This section is from the book "The New Cookery", by Lenna Frances Cooper. Also available from Amazon: The New Cookery.
Wash and pare the fruit, removing the blossom end first, cut into quarters and remove the cores. To each gallon of quartered fruit add one-half gallon of water. Place over the fire, allowing it to come slowly to the boiling point.
Cook slowly for about two hours, or until the fruit becomes soft. Turn into a jelly bag and allow the fruit to strain over night, without pressure. Measure the fruit juice. There should be one and one-half quarts of juice for each gallon of quartered fruit. If there is more water it should be cooked down to this quantity before adding the sugar. Add an equal quantity of sugar, stir until the sugar dissolves, allowing to boil about ten minutes, and skimming occasionally. Pour the jelly into glasses which have been sterilized, and set in a window where the sun will strike it for twenty-four hours, then cover with paraffine, which may be obtained at any drug store for a few cents a pound. Place the paraffine in a small sauce-pan and melt over boiling water. Cover the jelly with the thickness of about a fourth of an inch of the paraffine. Cover the glass over with the tin lid or a waxed paper pasted over the top.

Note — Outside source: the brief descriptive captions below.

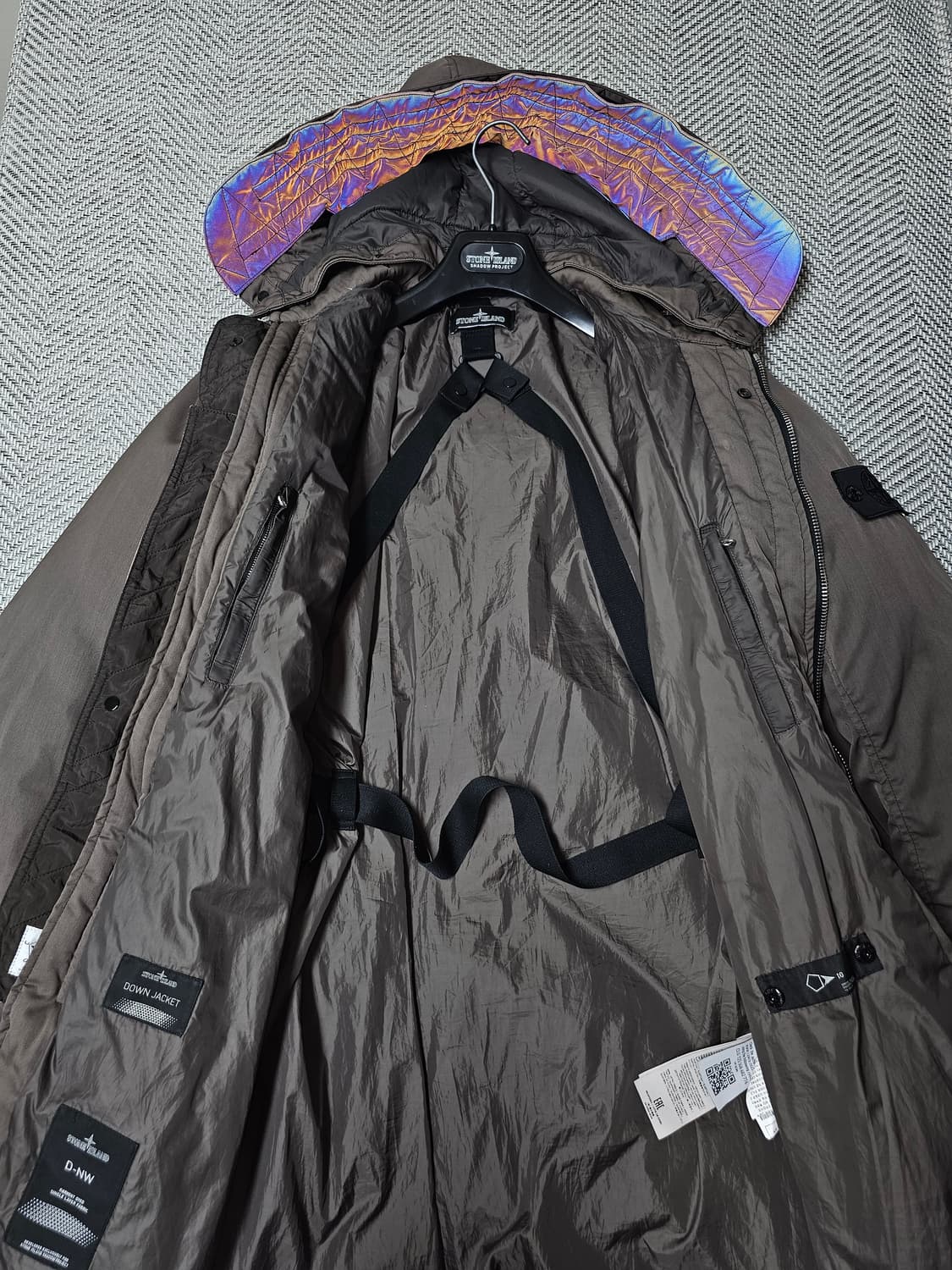 스톤아일랜드 쉐도우프로젝트 10주년 스카라베오 다운 패딩 상품이미지9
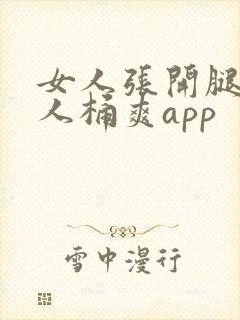 女人张开腿让男人桶爽app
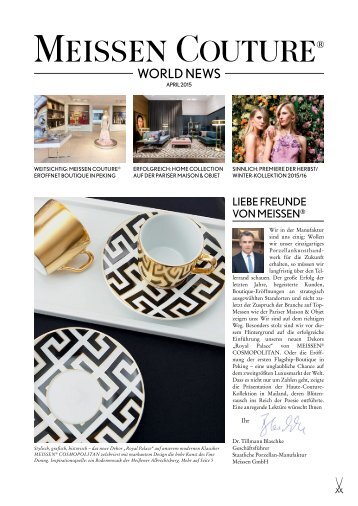 MEISSEN COUTURE WORLD NEWS 01-2015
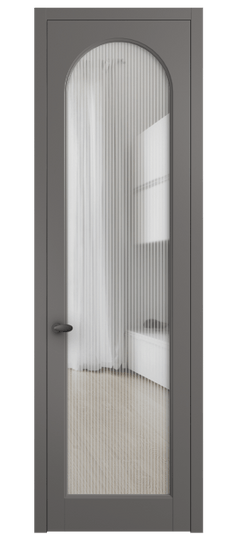 Дверь межкомнатная 6804 МКЛС MORU. Цвет Матовый классический серый. Материал Гладкая эмаль. Коллекция Палаццо. Картинка.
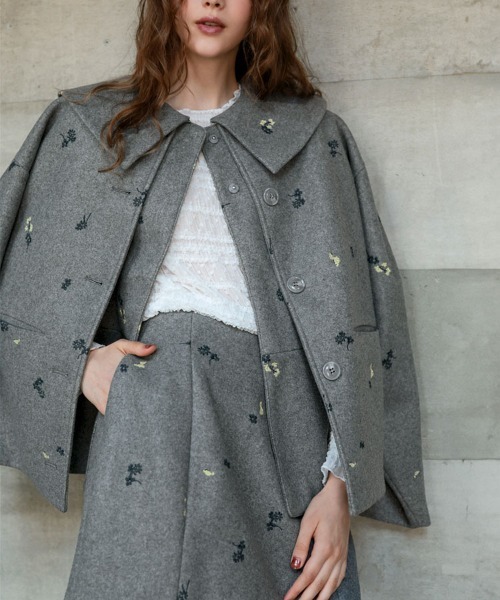 DONOBAN（ドノバン）の「フローレットスカート（スカート・レディース・ブラック/グレー・ONE）」の9枚目の写真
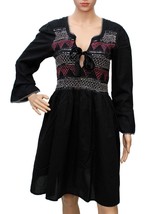 Mini tunique femme classique Odd Molly #261 brodée noire à smoc S 1 - $48.71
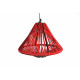  Lampe suspension Wixit Rouge 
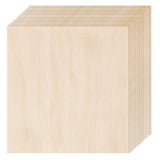 12 Pack Basswood Sheets 1/4 inch,12"x12"x1/4" Plywood Sheets,6mm Basswood for Laser Cutting,Laser Engraving Blanks,Thin Natural Unfinished Wood for Crafts,Wood Burning,Scroll Saw Cutting Ninekong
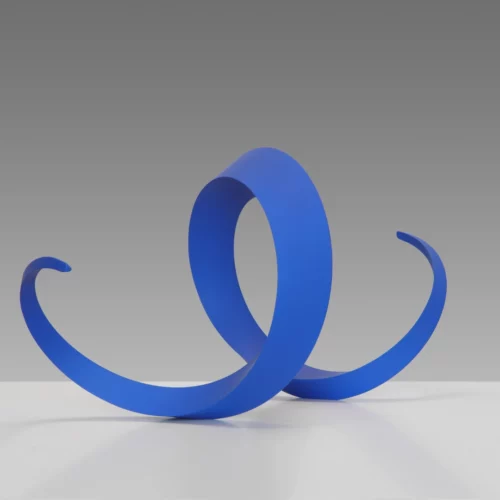 sculpture contemporaine abstraite métal par l'artiste francais francis guerrier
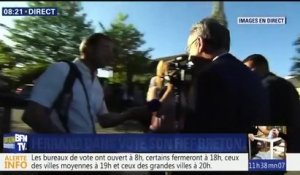 Richard Ferrand a voté dans son fief breton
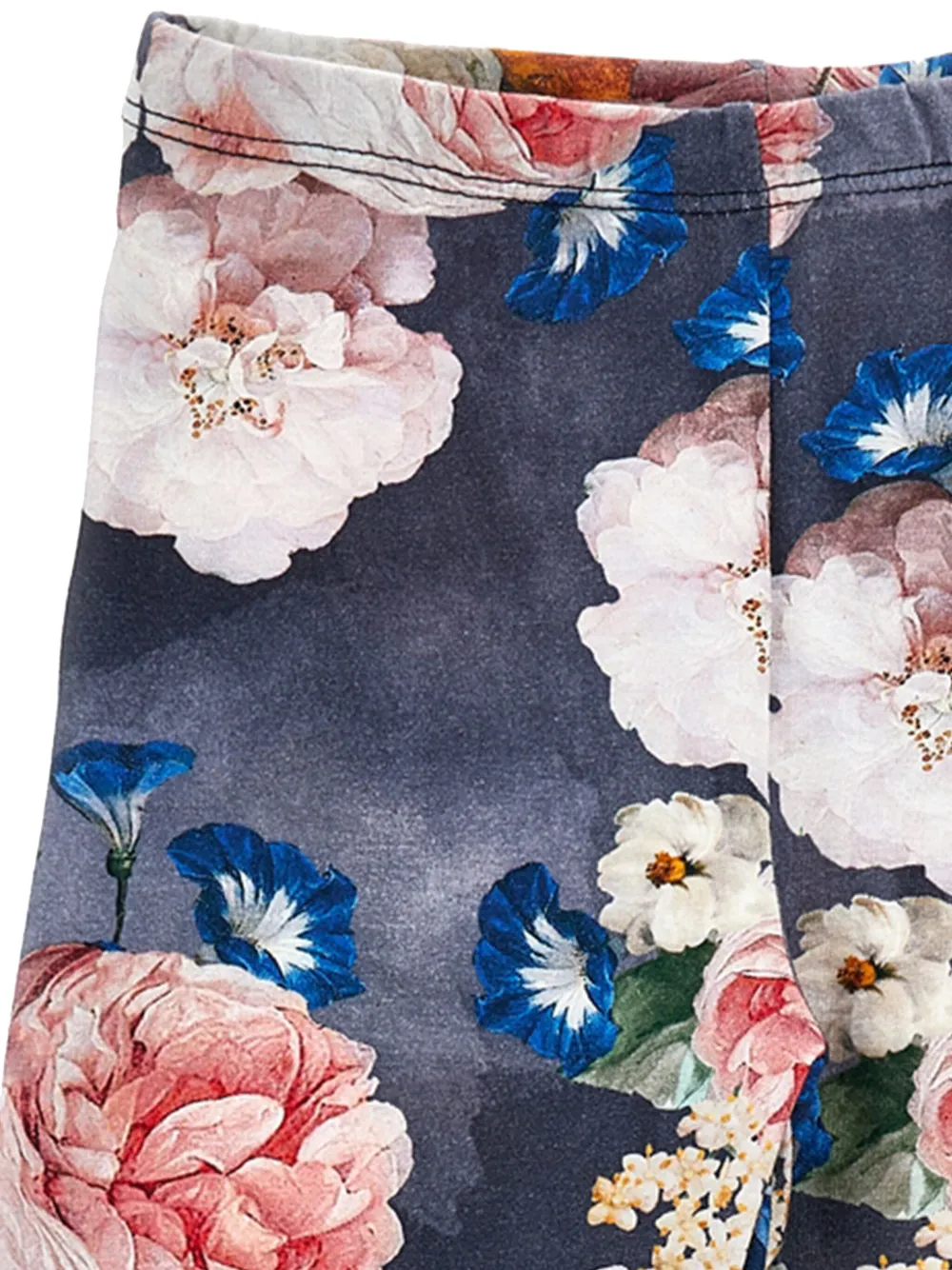 Monnalisa Katoenen broeken set met bloemenprint Wit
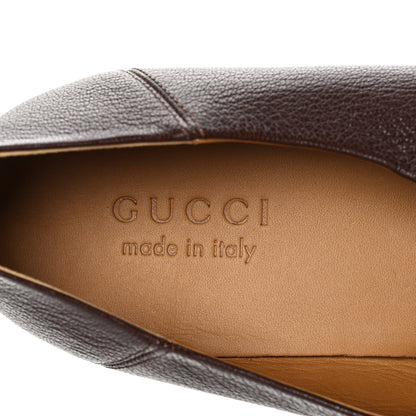 Gucci Havely Kid Web Mens Horsebit Loafers 9 Light Brown 7 of 8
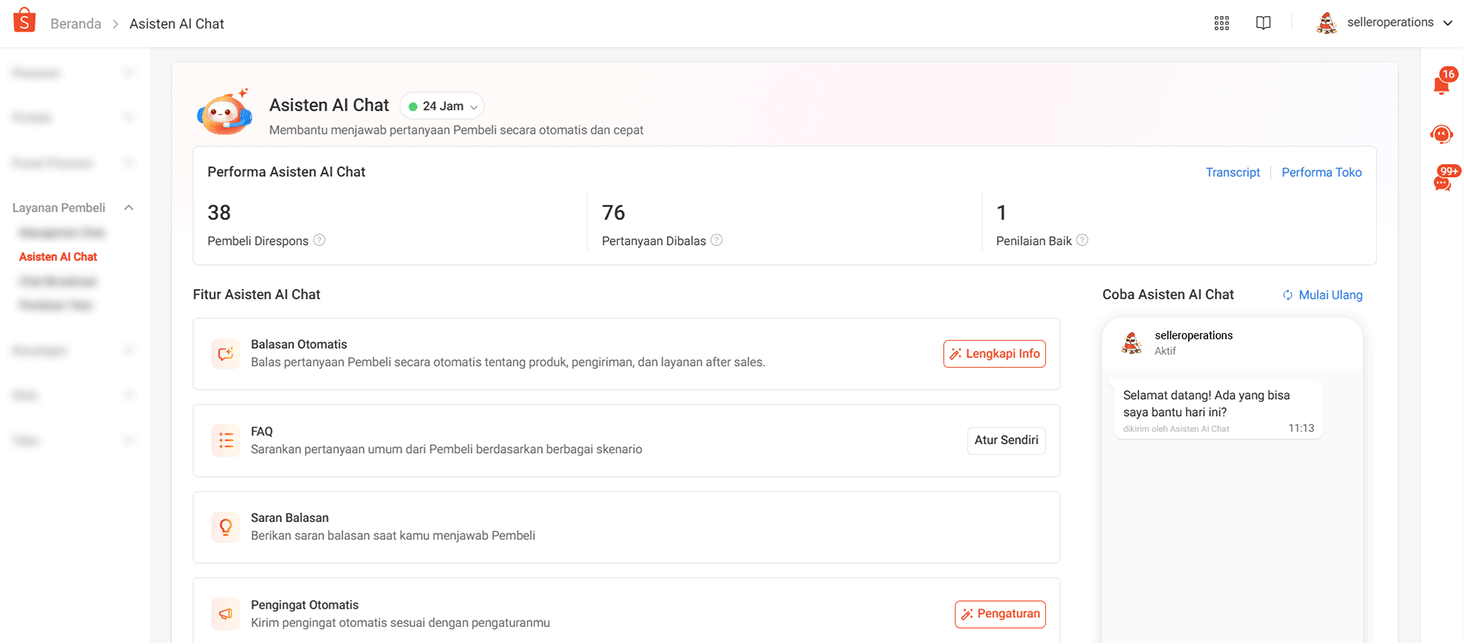 Asisten AI Toko | Pusat Edukasi Penjual Shopee Indonesia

Apple jelly may be made in the same way as the quince jelly. A second quality of jelly, which may not be quite so clear as the first, is made by pressing as much juice as possible from the fruit in the jelly bag. The parings and cores may also be cooked in a small quantity of water and the juice from this source added to that from the jelly bag. Proceed to make this jelly the same as that described above.